Il ne nous faut pas tourner autour du pot : le premier tour des élections législatives aura accouché d’un nouveau sujet de réflexion pour le Front de gauche. La moisson légitimement attendue, dans la foulée du résultat de la campagne de Jean-Luc Mélenchon à la présidentielle, aura été décevante. Et l’élimination de ce dernier du second tour du scrutin de Hénin-Beaumont aura, sur un plan symbolique, accru l’impression d’échec délivrée par des résultats moindres qu’espérés.
Lorsque je parle de « moisson », c’est en terme de sièges, conservés ou susceptibles d’être conquis, dans la future Assemblée nationale. Car, pour ce qui est du nombre de voix, la progression est incontestable : par rapport à 2007 et au score alors réalisé par nos camarades communistes à la suite d’une présidentielle qui avait vu s’éparpiller tristement le « non » de gauche au traité constitutionnel européen, nous gagnons plus d’un demi-million de voix. Nous franchissons même la barre des 5% dans 330 circonscriptions (contre 135 seulement voici cinq ans), et nous affermissons notre position de deuxième force de la gauche (loin devant Europe écologie, qui ne pourra faire élire des députés qu’en récupérant des voix qui ne seraient pas portées sur elle sans l’accord ”a minima” conclu avec le Parti socialiste) ! Les faits n’en sont pas moins là… Bien qu’ils enregistrent fréquemment des progressions de l’ordre de 3 ou 4%, nombre de nos sortants se retrouvent au tapis, notamment sur ces terres rouges que furent si longtemps la Seine-Maritime, les Hauts-de-Seine ou la Seine-Saint-Denis, tout simplement parce que le porteur des couleurs socialistes les dépasse, quelle que fût au demeurant son implantation locale.
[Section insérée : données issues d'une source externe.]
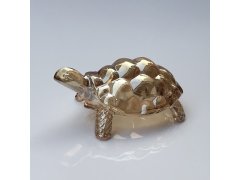 (image for) 1Pc Lucky Feng Shui Crystal Turtle Figurine Ornament 16x11cm
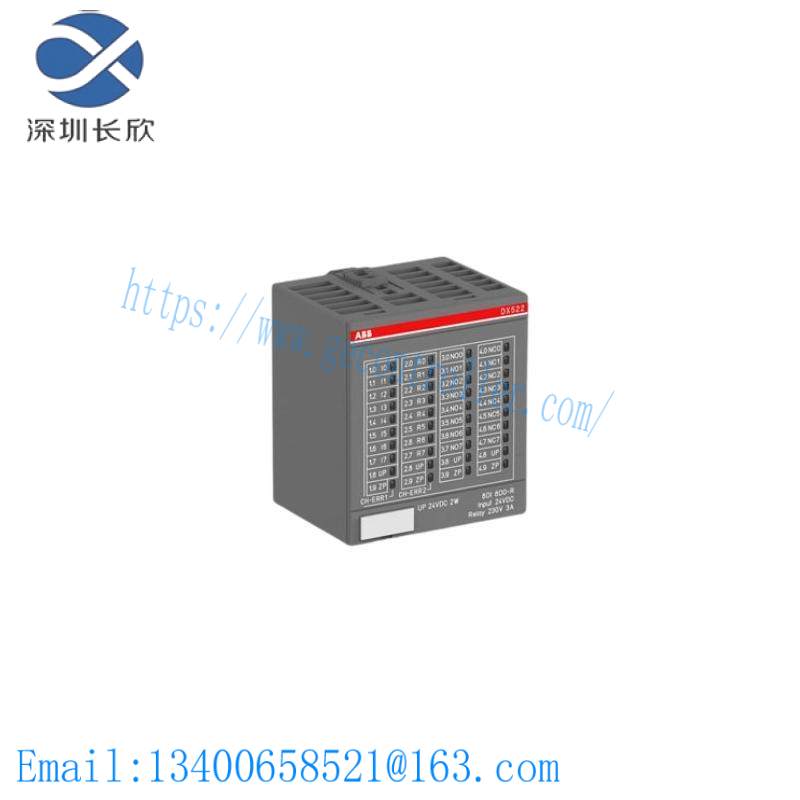 ABB DX522 1SAP245200R0001 Digital input/output module.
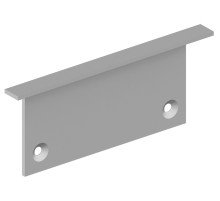 Заглушка для профиля Donel  DNCAP18512Alu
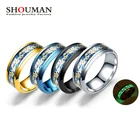 Кольца SHOUMAN в стиле панк для мужчин и женщин, классные обручальные кольца из нержавеющей стали с золотым Драконом, с индивидуальной гравировкой имени, очаровательные подарки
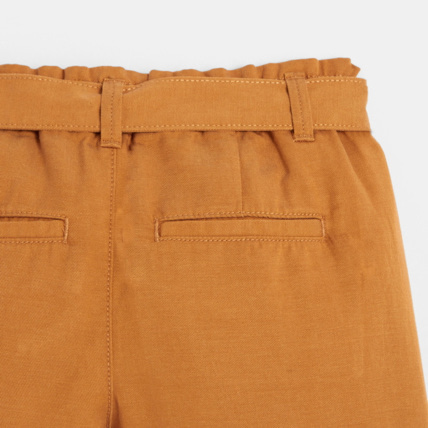 Avis Short ceinturé en toile unie beige fille OKAIDI 4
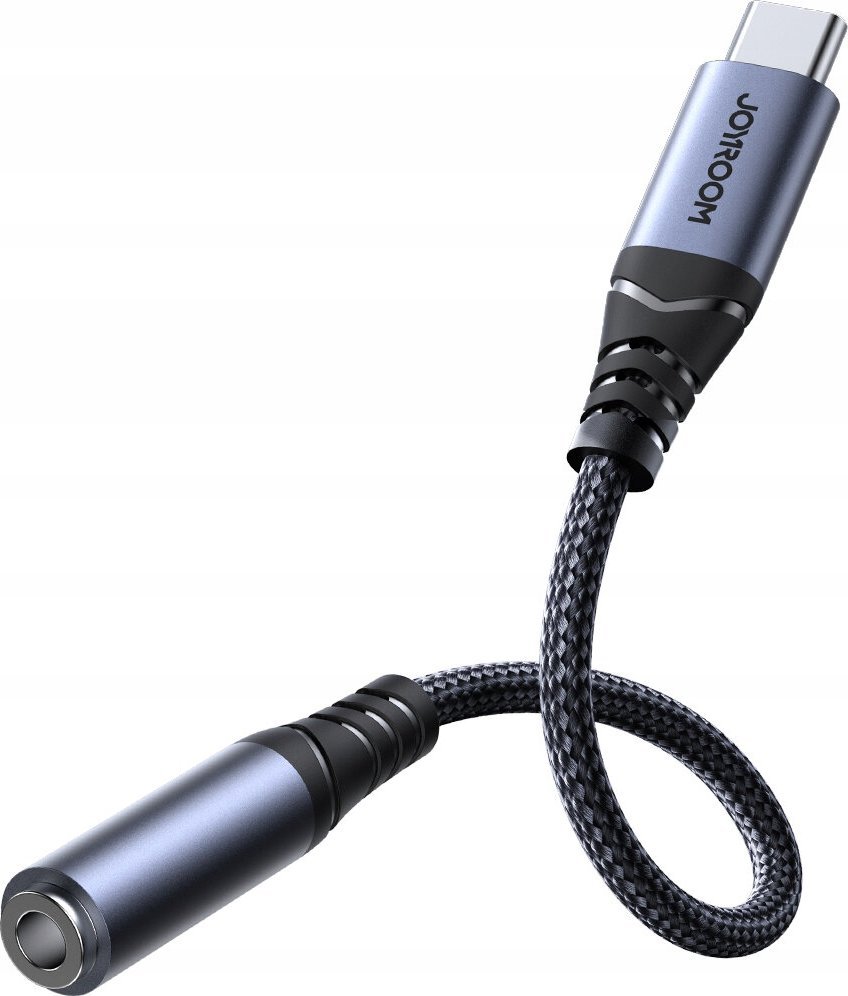 Adapter AV Joyroom Adapter DAC Joyroom SY-C01 USB-C do mini jack 3.5 mm - czarny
Voilà donc bien la consultation de tous les paradoxes. Ce 10 juin, les Français auront confirmé leur souhait de se débarrasser de la droite, au terme d’années de régressions et de souffrances subies. Ils auront offert à la gauche, toutes composantes confondues, le niveau presque historique de 46% des suffrages exprimés, quand les candidats du régime précédent perdaient du terrain jusque dans des bastions du conservatisme hexagonal. Mais l’abstention record (42,5%), autant que les mécanismes mis en place avec l’instauration du quinquennat et l’inversion du calendrier électoral, se seront conjugués pour pervertir le verdict des urnes.
À lui seul, le Parti socialiste disposera probablement de la majorité absolue au Palais-Bourbon, bien que ne représentant qu’un gros tiers des suffrages exprimés. À l’inverse, malgré ses 11% du 22 avril et ses 7% de dimanche dernier, le Front de gauche verra sa représentation parlementaire considérablement amoindrie, au point de ne plus conserver son groupe, du moins selon les critères (15 députés) qui prévalaient jusqu’alors pour en constituer un. De même, le moindre des paradoxes n’est pas que ce soit le Front national qui, quoique de justesse, se montre aujourd’hui le seul en mesure, en dehors bien sûr du PS et de l’UMP, de profiter d’un système électoral inique, même lorsque ses porte-drapeaux sont de parfaits inconnus sur les territoires où ils se présentent (cas, par exemple, de la petite-fille Le Pen à Carpentras).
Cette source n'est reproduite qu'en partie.